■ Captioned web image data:
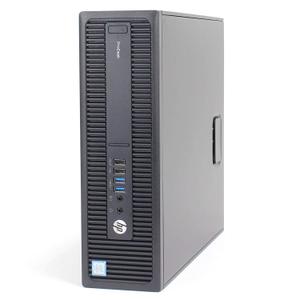 Hp ProDesk 600 G2 SFF Core i5 3.2 GHz - HDD 2 TB RAM 8GB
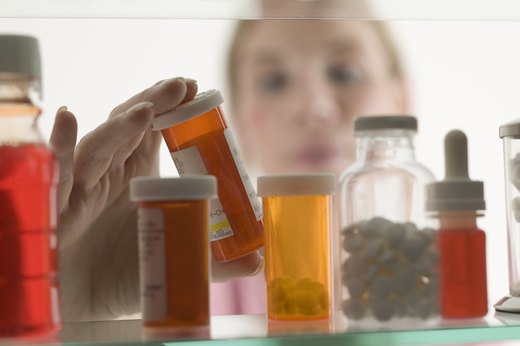 Behind the Bathroom Mirror: Are Your Medicines & Toiletries Too Old?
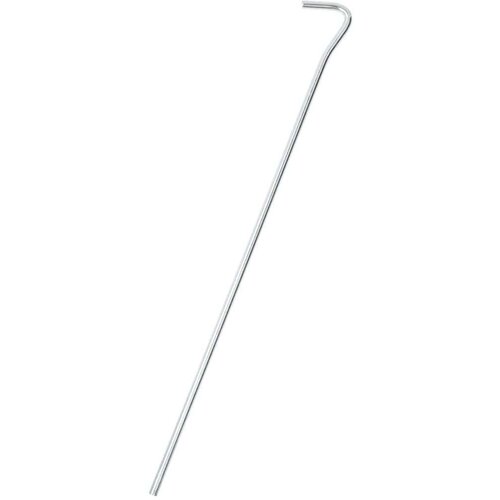 vidaXL Klini za šotor 50 kosov 30 cm Ø7 mm pocinkano jeklo Cene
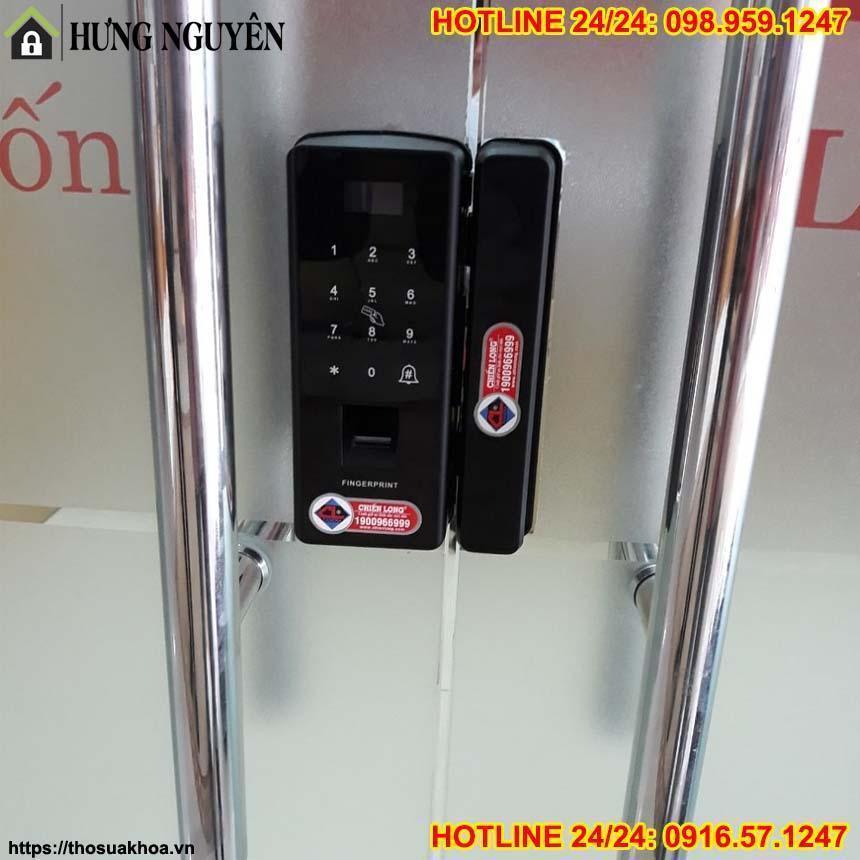 Thợ Mở Khóa Tại Đại Thành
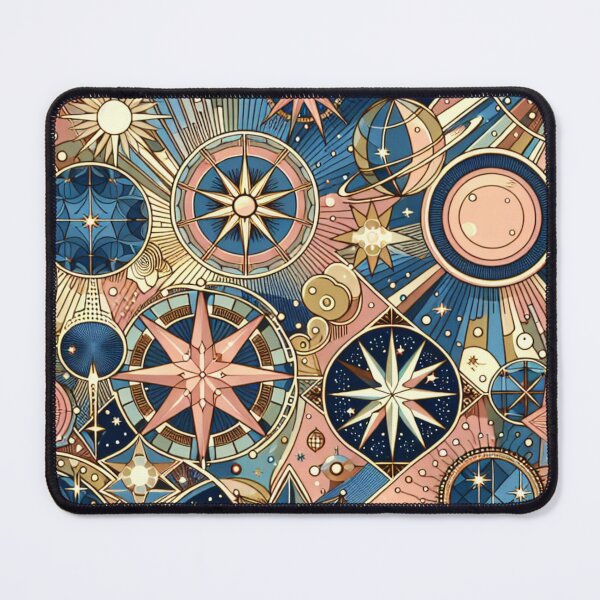 Item preview, Celestial Patchwork designed and sold by Travelcases.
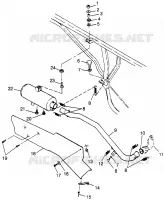 ABGASSYSTEM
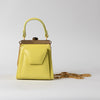 GAMA YELLOW AND GOLD BAG - Xini Concept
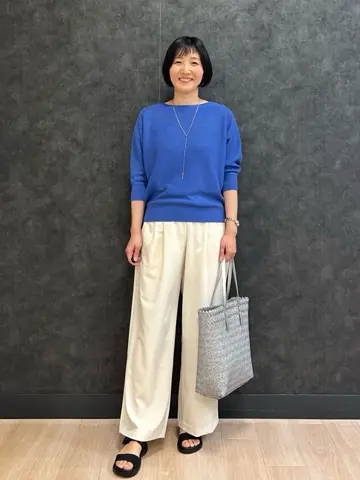 ONWARD CROSSET SELECT 鈴木 コーディネート画像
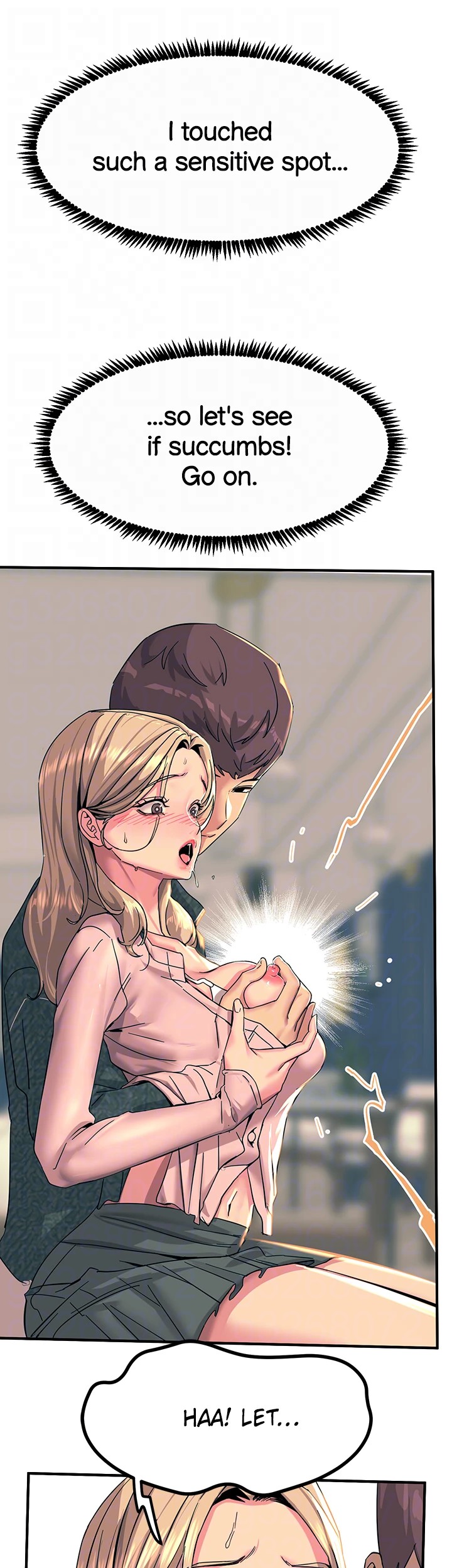 Show Me Your Color Chapter 28 image 16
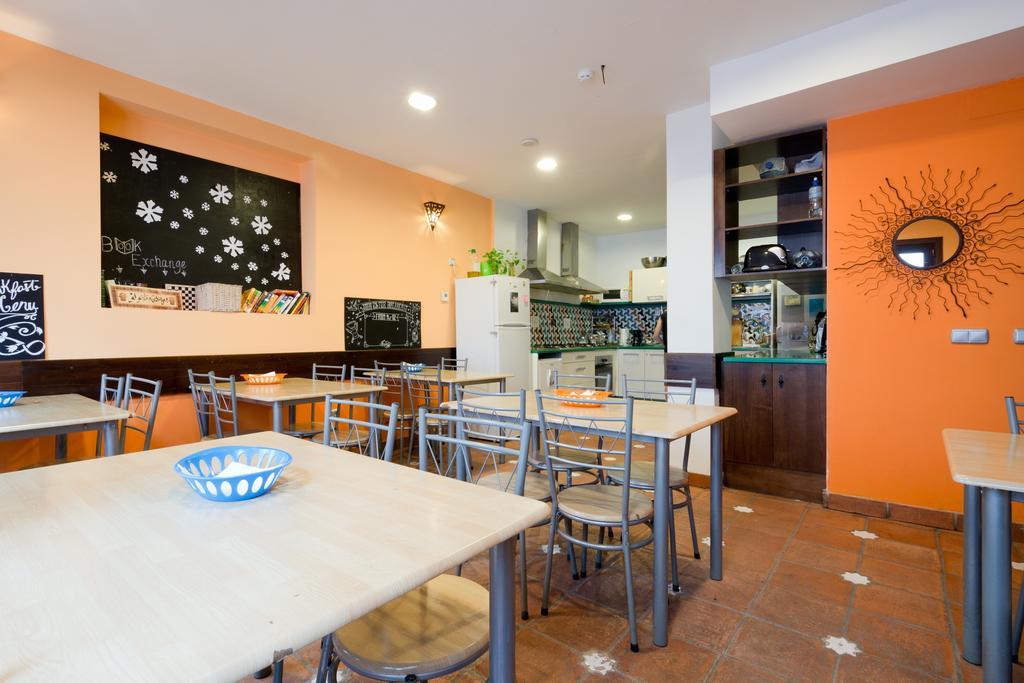 Hostel Oasis Backpackers' *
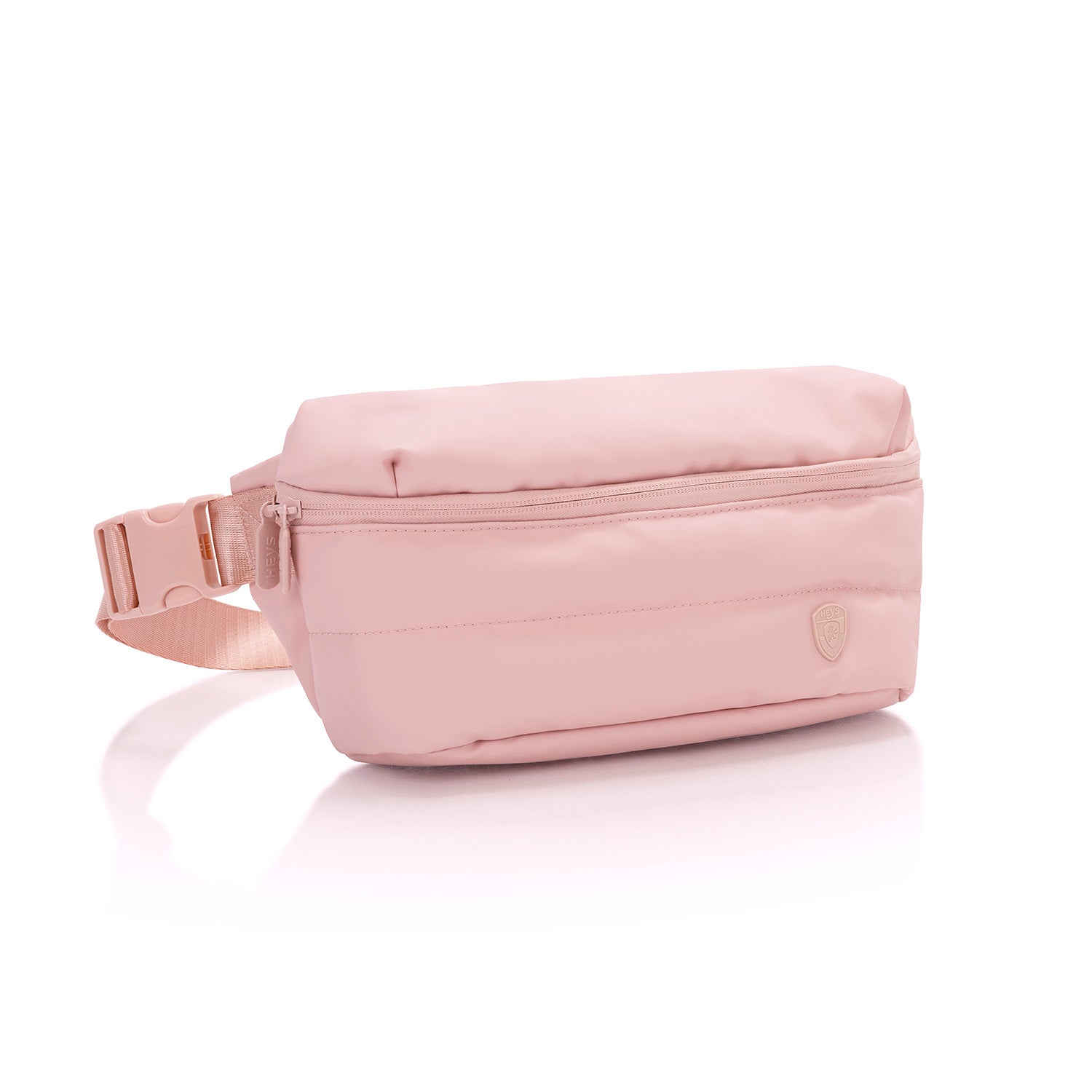 Heys The Puffer Waist Bag - Rose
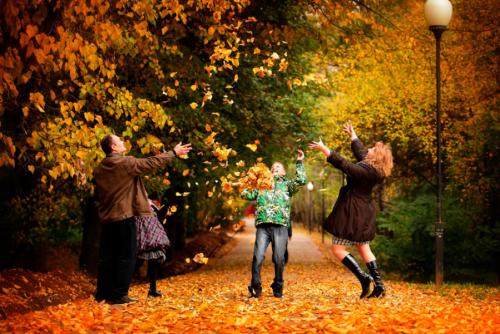 Осенний фотоальбом на каждый день. Планы на осень: 50 важных дел осени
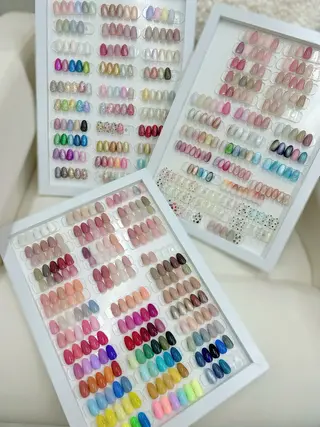 ネイル NAIL SALON mi5／Momokoのネイルデザイン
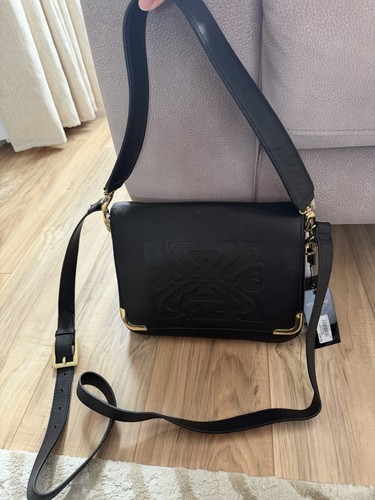 Biba classic black leather - biba,
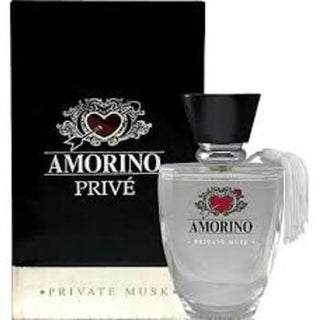 Amorino Private Musk Unisex | EDP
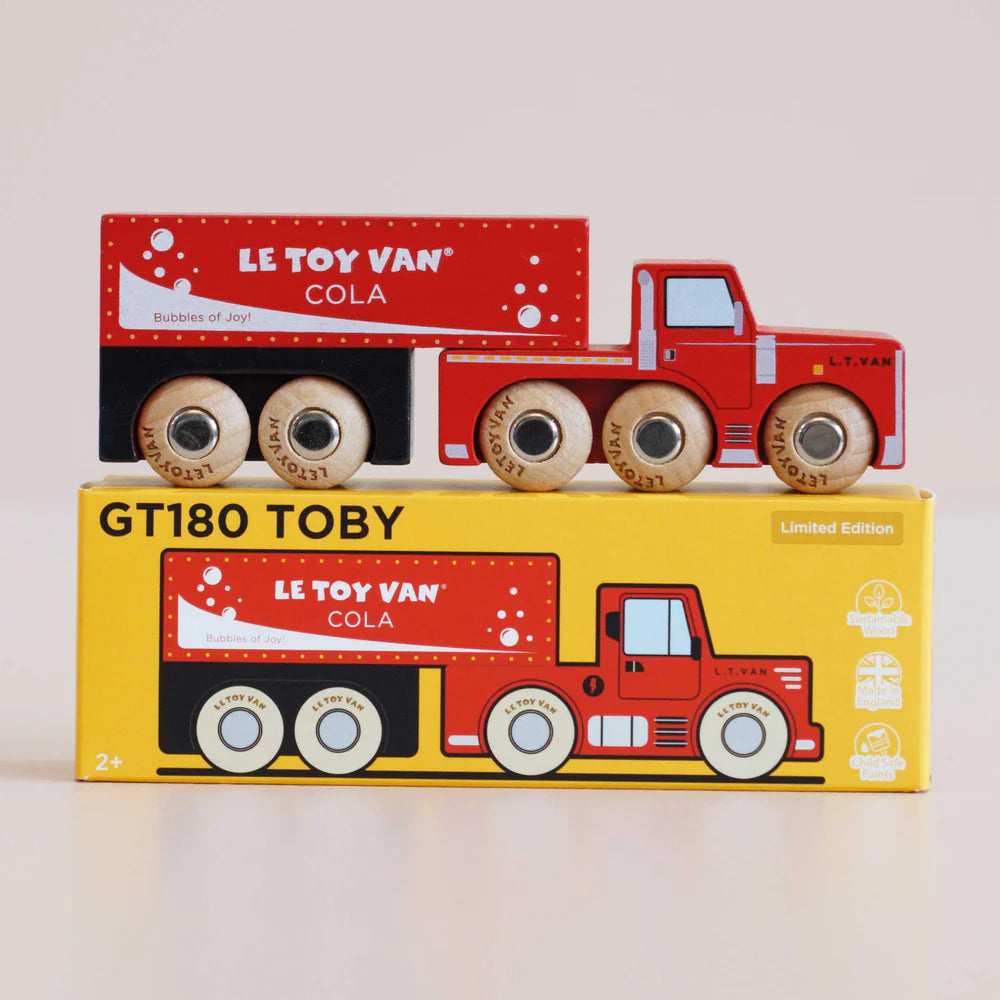 Le Toy Van - GT180 Toby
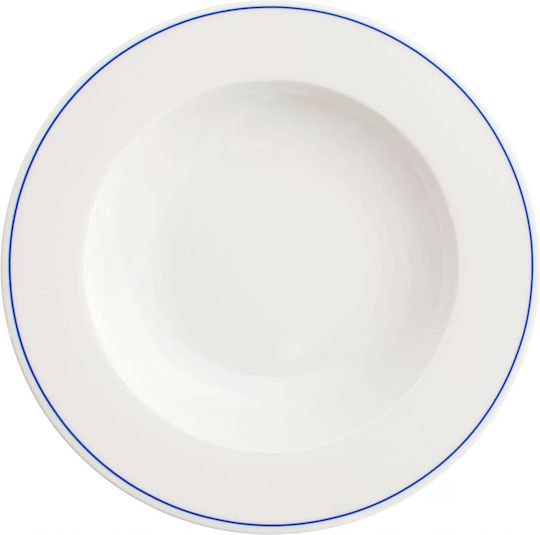 Verlo Πιάτο Βαθύ με Διάμετρο 26cm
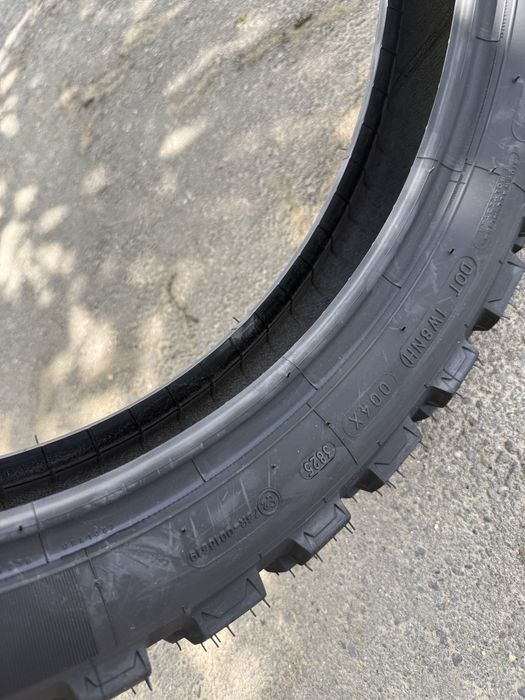 Anvelopa Moto Michelin Anakee Wild 120/80/R18 Nou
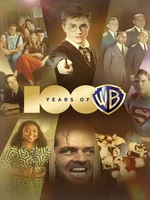 Постер 100 лет Warner Bros.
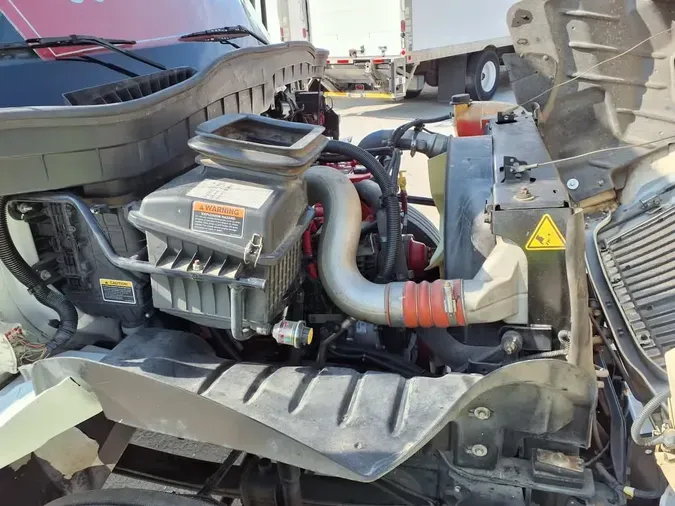 2020 NAVISTAR INTERNATIONAL MV607 (4X2)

■ About this task: When you copy the data, keep every line exact and leave out each picture.

■ Answer for this exercise:
 Hp ProDesk 600 G2 SFF Core i5 3.2 GHz - HDD 2 TB RAM 8GB
 Behind the Bathroom Mirror: Are Your Medicines & Toiletries Too Old?
 vidaXL Klini za šotor 50 kosov 30 cm Ø7 mm pocinkano jeklo Cene
 Thợ Mở Khóa Tại Đại Thành
 Item preview, Celestial Patchwork designed and sold by Travelcases.
 ABGASSYSTEM
 GAMA YELLOW AND GOLD BAG - Xini Concept
 ONWARD CROSSET SELECT 鈴木 コーディネート画像
 Show Me Your Color Chapter 28 image 16
 Hostel Oasis Backpackers' *
 Heys The Puffer Waist Bag - Rose
 Осенний фотоальбом на каждый день. Планы на осень: 50 важных дел осени
 ネイル NAIL SALON mi5／Momokoのネイルデザイン
 Biba classic black leather - biba,
 Amorino Private Musk Unisex | EDP
 Le Toy Van - GT180 Toby
 Verlo Πιάτο Βαθύ με Διάμετρο 26cm
 Anvelopa Moto Michelin Anakee Wild 120/80/R18 Nou
 Постер 100 лет Warner Bros.
 2020 NAVISTAR INTERNATIONAL MV607 (4X2)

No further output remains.